David Shelby Walker (May 2, 1815 – July 20, 1891) was the eighth Governor of Florida, serving from 1866 to 1868.

Early life and career
Walker was born near Russelville in Logan County, Kentucky. He attended private schools in Kentucky and Tennessee and studied law. He moved to Florida in 1837, settling in Leon County. His father was David Walker, a prominent early Kentucky politician who served in the U.S. House of Representatives. David S. Walker was a cousin and close business and political confidante of Florida territorial governor Richard K. Call. He was also related to Florida Senator Wilkinson Call, who was Walker's law partner for several years in the 1850s and 1860s in Tallahassee.

Walker entered politics as a Whig, and was elected to the first session of the Florida State Legislature in 1845, serving Wakulla and Leon Counties as senator. In 1848, he was elected by Leon County to the Florida House of Representatives. In 1849 he was appointed Register of Public Lands and was ex officio State Superintendent of Public Instruction, positions he held until 1854. He advocated and promoted interest in public schools. His efforts resulted in the creation of public schools in Tallahassee. He served as Mayor of Tallahassee. He was the Know Nothing gubernatorial candidate  in 1856 but lost to Democrat Madison S. Perry by 2.6 points. In 1859, he became a Florida Supreme Court Justice. Walker is also known for establishing Tallahassee's first library in the mid-1800s through his private funds in a time where money was not allocated to libraries outside of urban areas, especially in a "rural" state.

Governorship
Prior to the Civil War, Walker was a Constitutional Unionist and so had opposed secession. However, when Florida seceded from the Union in 1861, he supported his state. Following the war, on November 29, 1865, Walker was elected governor unopposed, in an election in which newly freed slaves were not allowed to participate. He was inaugurated on December 20 and took office January 18, 1866.

During his governorship, Florida transitioned from the federal oversight and military occupation of Reconstruction to readmission into the Union, but Walker was a conservative who attempted to minimize changes to the antebellum social, political, and economic system.
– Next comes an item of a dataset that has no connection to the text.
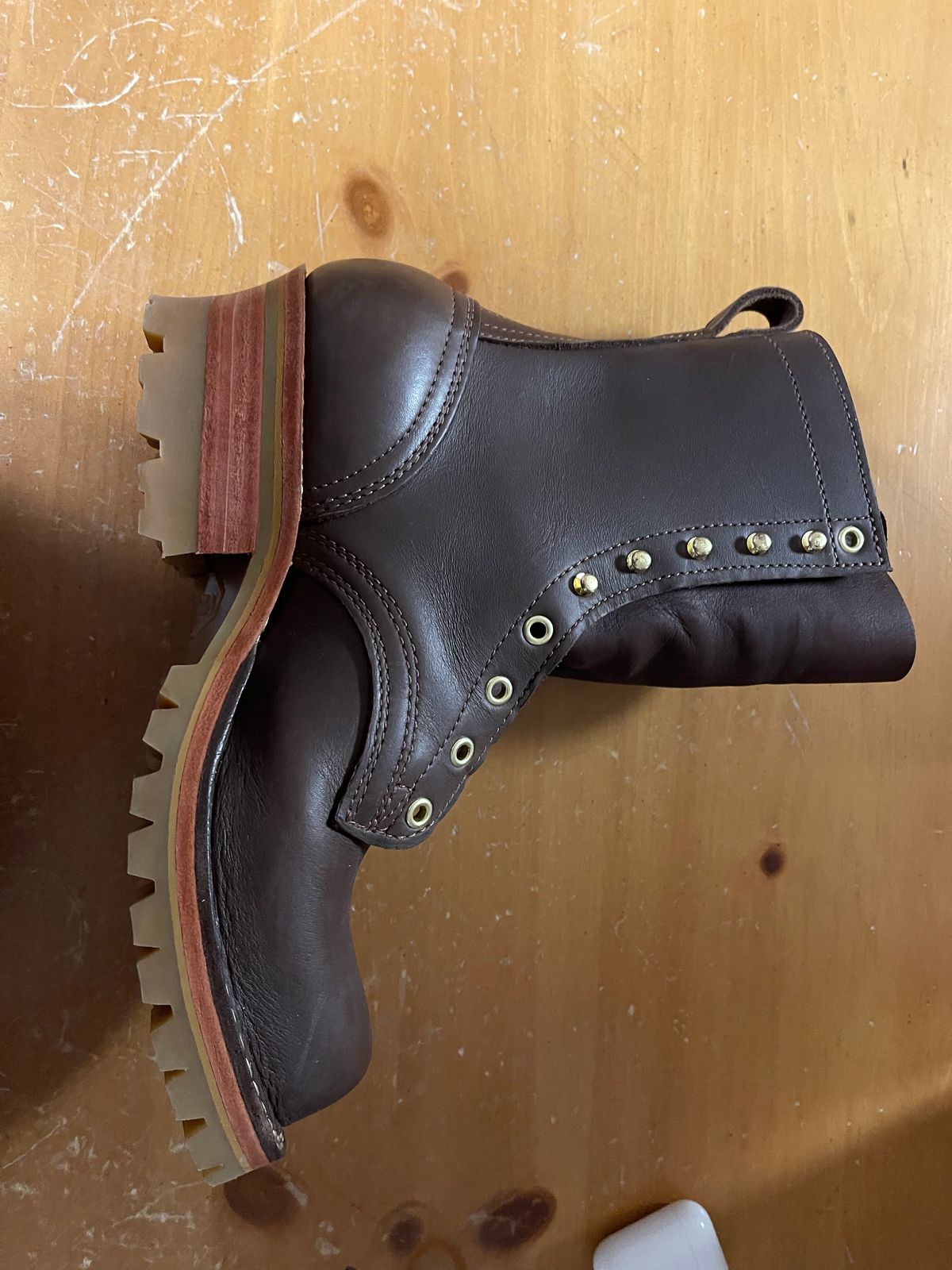 Photo by Shannmoody on February 26, 2022 of the Frank's Boots Type 1 Commander in Horween Walnut Cypress.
He protested the election of the 1868 Constitutional Convention, which was convened to adopt a new government that the Republican U.S. Congress would approve, but ultimately supported the 1868 Constitution when it turned out to be less protective of blacks than originally anticipated.

He did not run for reelection in the 1868 election, the first in which African American men could vote.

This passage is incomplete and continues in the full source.